Brief descriptive captions
--- --- ---

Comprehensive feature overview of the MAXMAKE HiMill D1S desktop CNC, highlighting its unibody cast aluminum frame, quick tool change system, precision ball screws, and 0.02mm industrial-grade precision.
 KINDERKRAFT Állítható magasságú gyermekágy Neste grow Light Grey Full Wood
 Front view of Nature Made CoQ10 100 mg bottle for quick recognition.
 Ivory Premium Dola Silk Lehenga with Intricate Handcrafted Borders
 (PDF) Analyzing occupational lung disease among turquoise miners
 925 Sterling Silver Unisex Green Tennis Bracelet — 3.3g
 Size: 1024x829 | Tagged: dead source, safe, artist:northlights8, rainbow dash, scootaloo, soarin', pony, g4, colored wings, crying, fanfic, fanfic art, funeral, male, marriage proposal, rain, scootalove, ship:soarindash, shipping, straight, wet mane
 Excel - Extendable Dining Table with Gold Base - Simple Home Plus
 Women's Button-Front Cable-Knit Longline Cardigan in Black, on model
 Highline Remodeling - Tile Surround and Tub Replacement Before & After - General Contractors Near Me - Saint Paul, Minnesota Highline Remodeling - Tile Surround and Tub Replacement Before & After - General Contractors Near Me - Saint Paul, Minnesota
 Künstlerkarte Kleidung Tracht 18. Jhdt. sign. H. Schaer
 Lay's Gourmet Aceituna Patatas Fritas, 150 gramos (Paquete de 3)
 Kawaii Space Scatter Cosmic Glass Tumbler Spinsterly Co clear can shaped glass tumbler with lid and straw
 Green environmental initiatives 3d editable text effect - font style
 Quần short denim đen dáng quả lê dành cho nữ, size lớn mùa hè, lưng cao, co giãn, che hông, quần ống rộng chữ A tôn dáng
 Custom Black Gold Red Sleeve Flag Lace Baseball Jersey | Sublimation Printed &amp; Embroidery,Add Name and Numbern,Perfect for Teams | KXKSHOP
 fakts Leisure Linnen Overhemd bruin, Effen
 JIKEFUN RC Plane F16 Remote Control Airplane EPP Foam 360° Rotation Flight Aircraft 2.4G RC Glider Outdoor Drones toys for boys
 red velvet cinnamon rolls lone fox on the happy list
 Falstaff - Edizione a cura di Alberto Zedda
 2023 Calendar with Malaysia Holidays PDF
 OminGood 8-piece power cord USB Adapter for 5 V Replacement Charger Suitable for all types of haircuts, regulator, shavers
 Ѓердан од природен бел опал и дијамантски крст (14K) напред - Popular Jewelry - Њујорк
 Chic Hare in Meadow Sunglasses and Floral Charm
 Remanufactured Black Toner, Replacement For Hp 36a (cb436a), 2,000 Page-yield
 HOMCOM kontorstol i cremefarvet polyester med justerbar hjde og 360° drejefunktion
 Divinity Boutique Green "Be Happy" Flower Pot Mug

--- --- ---

### What is required
All lines that hold the word "with" should be copied from the data.

### Exercise result
 Ivory Premium Dola Silk Lehenga with Intricate Handcrafted Borders
 Excel - Extendable Dining Table with Gold Base - Simple Home Plus
 Kawaii Space Scatter Cosmic Glass Tumbler Spinsterly Co clear can shaped glass tumbler with lid and straw
 2023 Calendar with Malaysia Holidays PDF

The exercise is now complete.